The report also criticizes the Denmark experiment, which is again selective. Junk food taxes are working in many parts of the world, the report dwells on the one place it fell over. Why did it fall over? Well it was a pretty dumb tax to start with – based on saturated fat. There are plenty of good foods that contain saturated fat, as any Kiwi farmer will tell you. The other problem in Denmark was porous borders – people can do their shopping in Germany. We don’t have that problem.
And ultimately, if taxes don’t change behaviour, then they will certainly raise money, and that will help contribute to the costs of the coming tsunami of type 2 diabetes. Think of it as user pays.
2/ Sugar/soft drinks are only a small part of the problem
The report points out that non-alcoholic beverages only make up 5% of our calorie intake, and soft drinks only 1.6%. How can they possibly be causing the obesity epidemic?
For starters nobody ever said that sugary drinks are the sole cause of the obesity epidemic. The fact is that they are the most pernicious example of highly processed fake food – stuff that is so full of calories and devoid of micro-nutrients that it really shouldn’t be classed as food.
Context is also important here. Not all the food that we eat is the problem. It is just the amount that we overeat that causes us problems. That is only around 10% of our diet – so actually sugary drinks are between 16%-50% of the problem.
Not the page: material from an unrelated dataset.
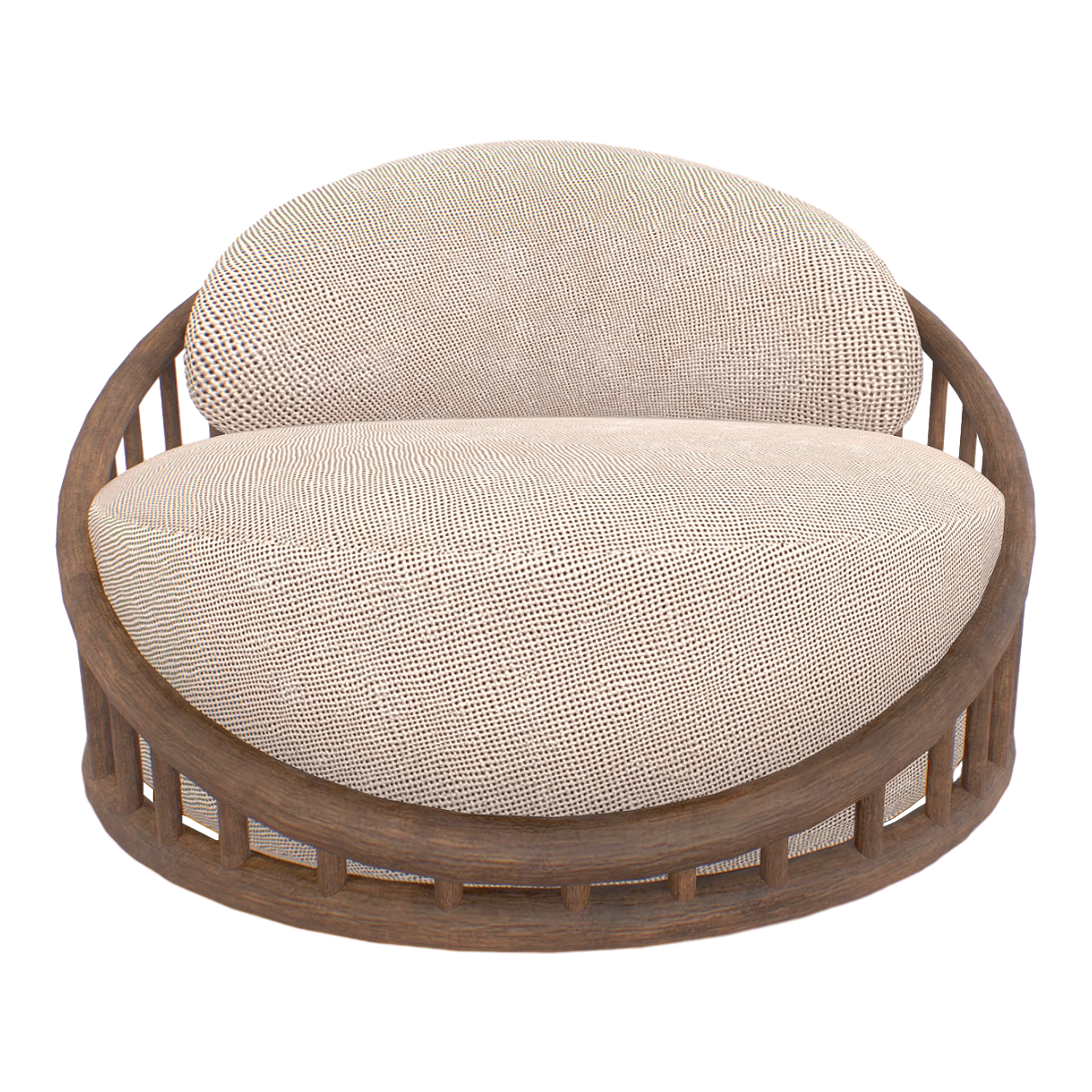 Nordic Black Walnut Solid Wood Frame Legless Fabric Single Backrest Armrest Tatami Sofa Lazy Sofa-Wheat Color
Finally, those numbers are an estimate from a survey (see below), so the 1.6% figure is a conservative estimate of the true scale of the sugary drink problem. For example, that figure is unlikely to include flavoured milks, or juices, or any drink that uses fruit sugars as a base.
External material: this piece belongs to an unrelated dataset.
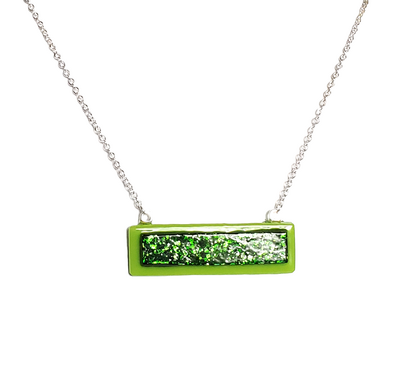 Green Sparkle on Kelly Green Fused Glass Bar Necklace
3/ Surveys are useless, except when we use them
The report descends into the ironic when it criticizes a survey from Mexico about reported soft drink consumption.
Two pages prior to that the report cites survey data that claims that between 1997 and 2009 sugar consumption dropped in New Zealand – therefore sugar consumption cannot be contributing to our bulging waistlines. .Not that this is a survey result – our sugar import figures rose during the same period (and admittedly those figures are also rough). The report goes on to quote another survey that showed that sugar intake was lower among obese children.
There certainly can be problems with the results from survey data. For example, we know that when people know they have a weight problem, and know certain foods are bad, reporting changes. This is the exact problem the report points out with the Mexican survey. It will take time to know for sure what the impact of the Mexican tax will be on soft drink consumption, just as it will take time to know what is really happening to sugar eating habits in New Zealand. In the mean time the Taxpayers’ Union should at least be consistent in its analysis.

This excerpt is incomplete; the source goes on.